UPDATED ON:
Thursday, November 20, 2008
19:42 Mecca time, 16:42 GMT
 
Business
Jobless claims spark US slump

Retailers worldwide have cut prices as
shoppers stay at home [AFP]

US stocks have fallen in opening trading after the government revealed a 16-year high in new unemployment claims as economic misery continues to play havoc with world markets.

The number of jobless Americans filing new claims for unemployment benefits soared to 542,000 in the week ending November 15, the US Labour Department said on Thursday, far higher than analysts expected.

The figures, coupled with growing fears of a prolonged global economic recession caused US markets to fall almost 200 points, or 2.4 per cent, in early morning trading.

Global markets slumped amid continuing consumer worries - in Europe the German Dax down 4.5 per cent by mid-afternoon Thursday, and the UK FTSE index fell by almost 140 points, or three per cent in day trading.

In Asia, Japan's benchmark Nikkei and South Korea's Kospi index each fell by more than six per cent while Hong Kong's Hang Seng index closed down four per cent on Thursday.

Last month, the US unemployment rate jumped to a 14-year high of 6.5 per cent, with 10.1 million people looking for work, an increase of 2.8 million over the past year.

The White House reacted swiftly to the unemployment news, saying George Bush, the US president, would sign an new extension of unemployment benefits if approved by US Congress, as is expected to happen on Thursday.

"The president believes it would be appropriate to further extend unemployment benefits, and he would sign the legislation now pending in Congress," spokeswoman Dana Perino said in a statement. 

Record plunge

To add to US economic woes,  on Thursday a private research group said its forecast of future economic activity in the US declined 0.8 per cent in October, worse than analysts expected.

The index, which which weighs indicators such as manufacturers' new orders and supplier deliveries, has fallen four of the last six months.

The US Labour Department also said on Wednesday that its consumer price index (CPI) fell by one per cent in October, the biggest drop since the department began releasing data in February 1947 and worse than analysts' expectations.

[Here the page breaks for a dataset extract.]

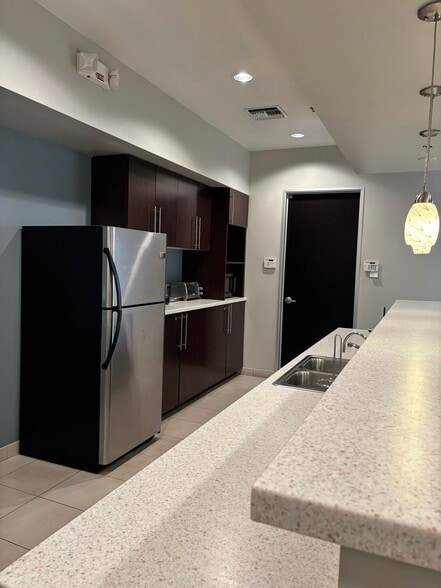 More Photos Of 34406 N 27th Dr, Phoenix Office Residential For Lease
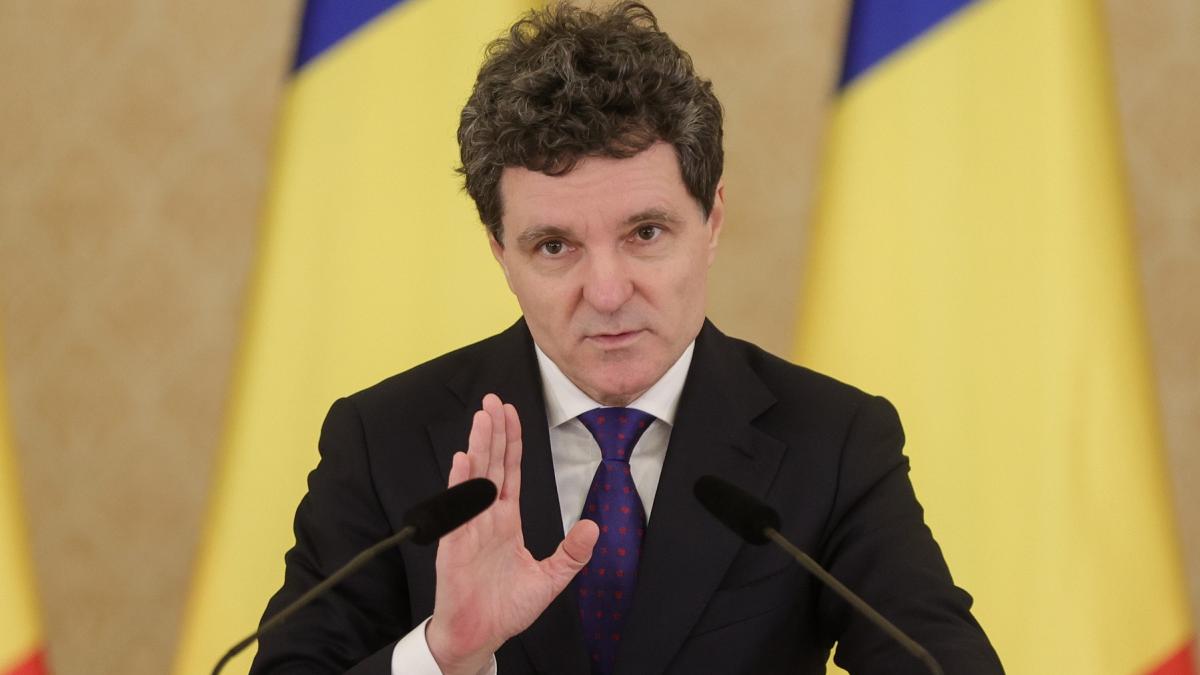 Nicuşor Dan s-a săturat de scandalurile din coaliţie şi intervine cu instrucţiuni clare: „Avem patru partide care formează o coaliţie şi toate se atacă între ele şi niciunul nu spune un cuvinţel despre opoziţie”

The record plunge followed little change in prices in September and August and was led by oil prices plummeting from their record highs in July.

But despite the falling prices of many items, from houses to oil and stocks, very few people are buying.

Prices slashed

Car makers such as General Motors have
been badly hit by the crisis [Reuters]
Big high street retailers in many countries have also started slashing prices as Christmas approaches in an attempt to entice shoppers.

"The domino which is pushing all of this forward is the enormous level of debt compared to incomes all around the world," Steve Keen, associate professor of economics at University of Western Sydney, told Al Jazeera.

"That debt is simply beyond the level where the physical economy can service it, and that is ultimately what is driving down prices and economic performance."

"Unemployment is rising, household wealth is falling, and credit conditions are tight," Moody's economic analysts also said. "Squeezed from all sides, consumers are being frugal."

While falling prices across the board could benefit consumers, analysts have warned they could hurt corporate profits and cause deflation, a prolonged bout of falling prices that has not been experienced in the US since the Great Depression in the 1930s.

Deflation could stifle growth, prolonging the economic downturn.

Car woes

Japan also reported on Thursday that its exports had fallen at the fastest pace in almost seven years as demand in China, the US and Europe had dropped, causing it to post its second trade deficit in three months.

The announcement came just days after confirmation that the Asian powerhouse had fallen into recession as major manufacturers cut production because of falling global demand.

The government figures showed that the electronics industry and car manufacturers had been particularly badly hit.

After other production cuts by Toyota Motor Corp., Honda Motor Co. and Nissan Motor Co, Isuzu said on Thursday that it would axe 1,400 contract workers as it lowers its lorry output for this fiscal year.

Car makers have been hit across the world, with the big three US manufacturers appearing before the US senate banking committee on Wednesday to plead for a portion of the $700bn financial bailout agreed by US politicians last month.

US Democrats have been pushing for funding from the bailout to be granted to the auto industry, but so far Republicans in Congress and White House officials have resisted the calls.

In France, car manufacturer PSA Peugeot Citroen said it would cut 2,700 jobs.